En plus de jouer les professeurs, un autre défi de taille attend Xavier Dolan. Il fera sa grande entrée dans l’univers de la série télé cette année, avec l’adaptation de la pièce La nuit où Laurier Gaudreault s’est réveillé, de Michel Marc Bouchard. Le tournage des cinq épisodes doit débuter au mois de mars, mais il faudra attendre 2022 avant de la découvrir sur Club Illico. En plus de réaliser la série, Xavier Dolan y tiendra un rôle et agira aussi comme producteur avec Nancy Grant et Jasmyrh Lemoine de Nanoby.

Annabelle Caillou


21. SAPNA PATEL (éducatrice à la petite enfance)

Photo: Courtoisie

Le 13 mars 2020, alors que tout le Québec se mettait sur pause, le Centre de la petite enfance de la Côte devenait, comme bien d’autres, un CPE d’urgence pour les travailleurs essentiels. Cela n’a pas empêché l’éducatrice Sapna Patel de perdre ses huit petits « chatons » de trois et quatre ans qu’elle adorait tant.
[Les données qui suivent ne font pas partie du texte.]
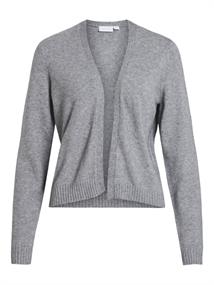 medium grey melange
Et elle s’est retrouvée à faire de la formation en ligne, de la désinfection et à s’occuper d’accueillir et de reconduire de nouveaux bambins, les parents ne pouvant pas entrer dans l’établissement. « On était sur trois étages. Ça faisait mon cardio ! » raconte-t-elle en riant.

Pour la jeune femme de 29 ans, 2020 a été une année de chocs, placée sous le signe de l’adaptation. « On est tellement limités par les consignes… On ne peut plus laisser aller notre créativité. Quand on fait la désinfection à la fin de la journée, c’est un moment précieux que je perds avec les enfants. Ils le ressentent », déplore-t-elle.

Comme si ce n’était pas assez, le CPE de la Côte, situé dans le quartier Côte-des-Neiges à Montréal, a dû être relocalisé d’urgence en août parce que le bâtiment n’était plus jugé sécuritaire. « Ça a été le plus gros morceau. » Sapna Patel aborde néanmoins 2021 avec un peu plus d’optimisme. Vivement la fin des protections et des bulles ! « Ça va “mieux” aller », dit-elle, en paraphrasant un leitmotiv désormais célèbre. « Je vis un jour à la fois ». En attendant que ces temps meilleurs arrivent, elle le dessinera sur son masque, au marqueur, son sourire.